GM Executive Receives Leadership Award for Hearing Health

Larry Burns, GM vice president for Research and Development and Planning, is the first recipient of the National Campaign for Hearing Health's Leadership Award.

Larry Burns, GM vice president for Research and Development and Planning, is showing that personal challenges often create the strongest leaders.

Burns, who lost his hearing eight years ago, is the first recipient of the National Campaign for Hearing Health's Leadership Award, which honors a businessperson who takes an active role in promoting hearing health in the business world and general public. Burns enthusiasm, dedication and passion for increasing awareness of hearing health issues were recently lauded at the First Annual "Celebration of Hearing Health Gala" in New York City.
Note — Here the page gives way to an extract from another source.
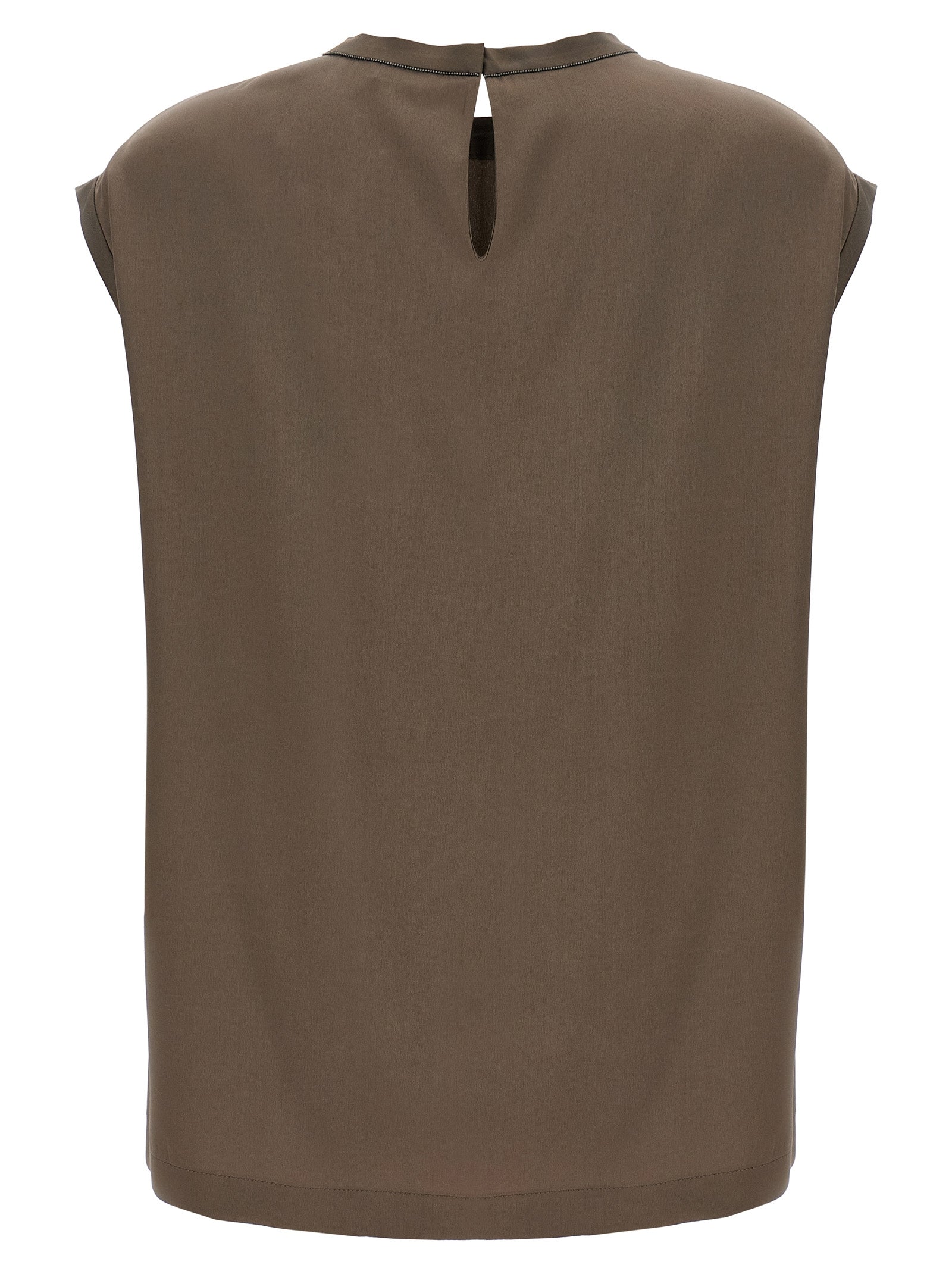 Brunello Cucinelli Monile Satin T-Shirt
"I have been extremely fortunate to be surrounded by caring, supportive family, friends and colleagues determined to help me reach my personal and professional goals," Burns said. "And I am equally fortunate to be in a position where I can help bring about an awareness and understanding of hearing loss, the leading cause of disability in America."
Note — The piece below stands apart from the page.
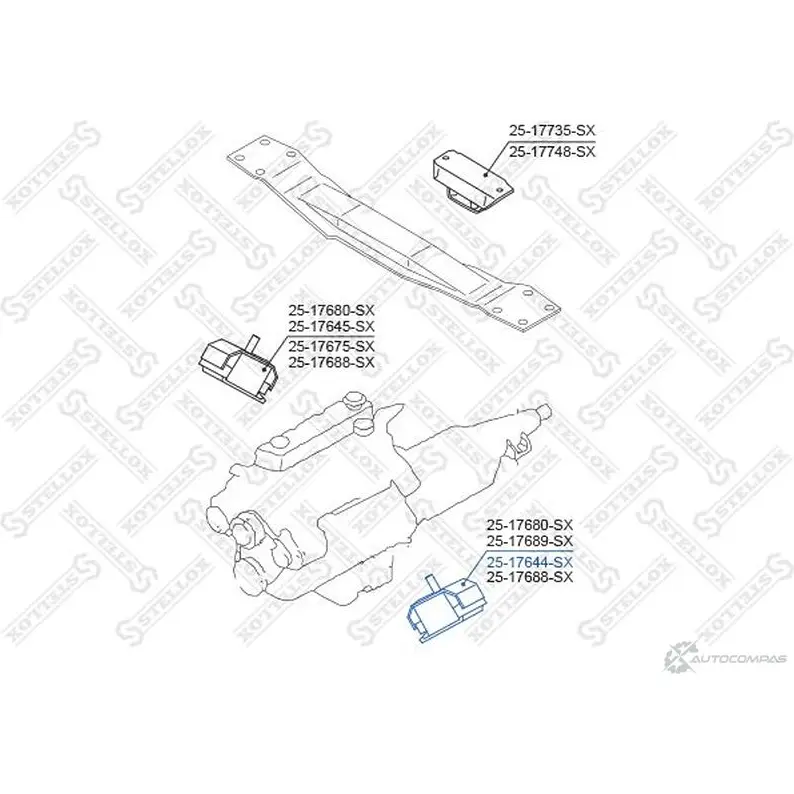 Подушка двигателя STELLOX CJFM 7 756439432 25-17644-SX 4057276141384 - Изображение 1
Hearing loss affects one in three Americans, or approximately 95 million people, by age 65.

In the years since his hearing loss, Burns, who communicates with the help of a cochlear implant, has become an active proponent for hearing health and hearing loss prevention. In addition to speaking out about living with a hearing disorder, he serves on both the advisory board for The University of Michigan's Center for Hearing Disorders and on the board of directors for the Deafness Research Foundation in Washington, D.C. Burns recently headed a drive by GM and the United Auto Workers to raise a $1 million gift for new research at U-M's Kresge Hearing Research Institute, a world-renowned research affiliate.
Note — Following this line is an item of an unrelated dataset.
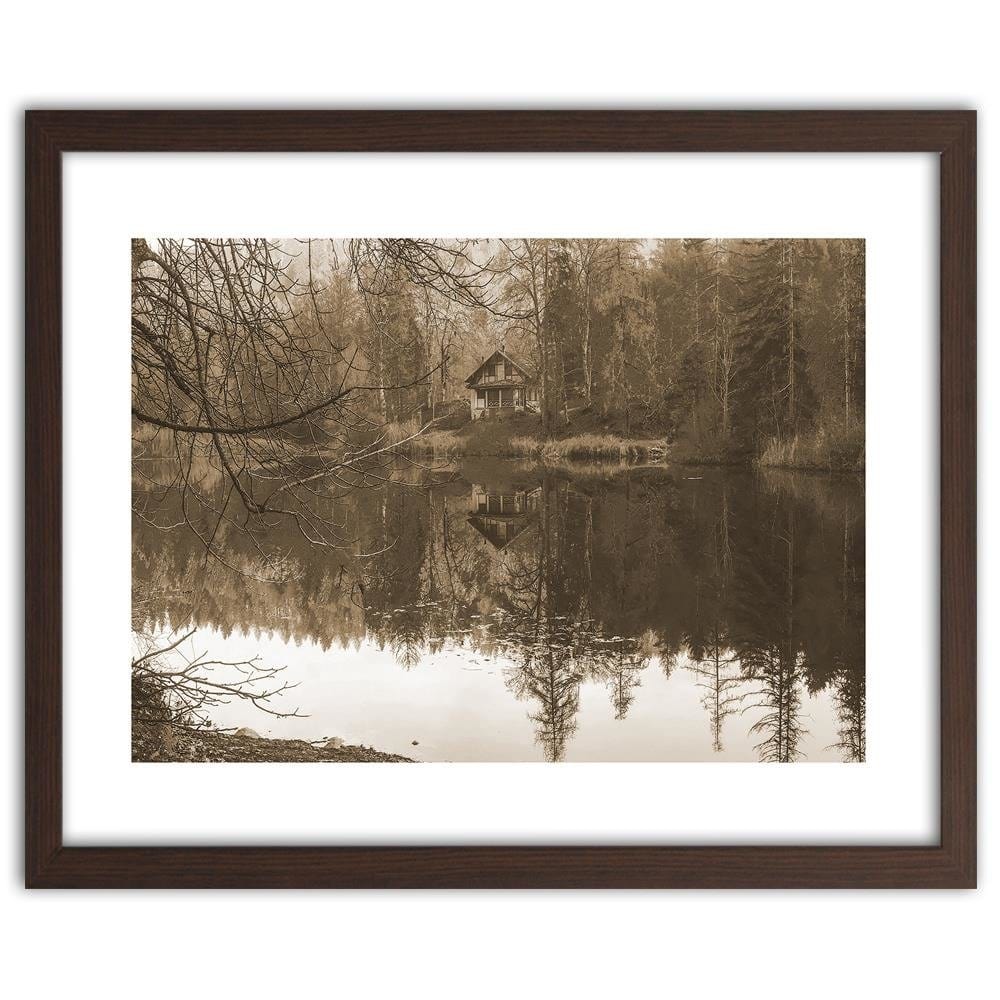 Glezna brūnā rāmī - Lake House 1 Home Trends DECO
"I don't think anyone has taken such an active role in promoting hearing health as Larry," said Elizabeth Thorp, director of the National Campaign for Hearing Health. "He has dealt with his hearing loss in such a candid and lighthearted manner. It really made him stand apart from the candidates for this award."

In addition to the awards ceremony, the gala featured a raffle to raise money for hearing loss research. GM donated a 2002 Envoy that raised more than $50,000. Overall, the event raised almost $350,000 for the Deafness Research Foundation, which privately funds research and public education related to hearing loss and sponsors the National Campaign for Hearing Health.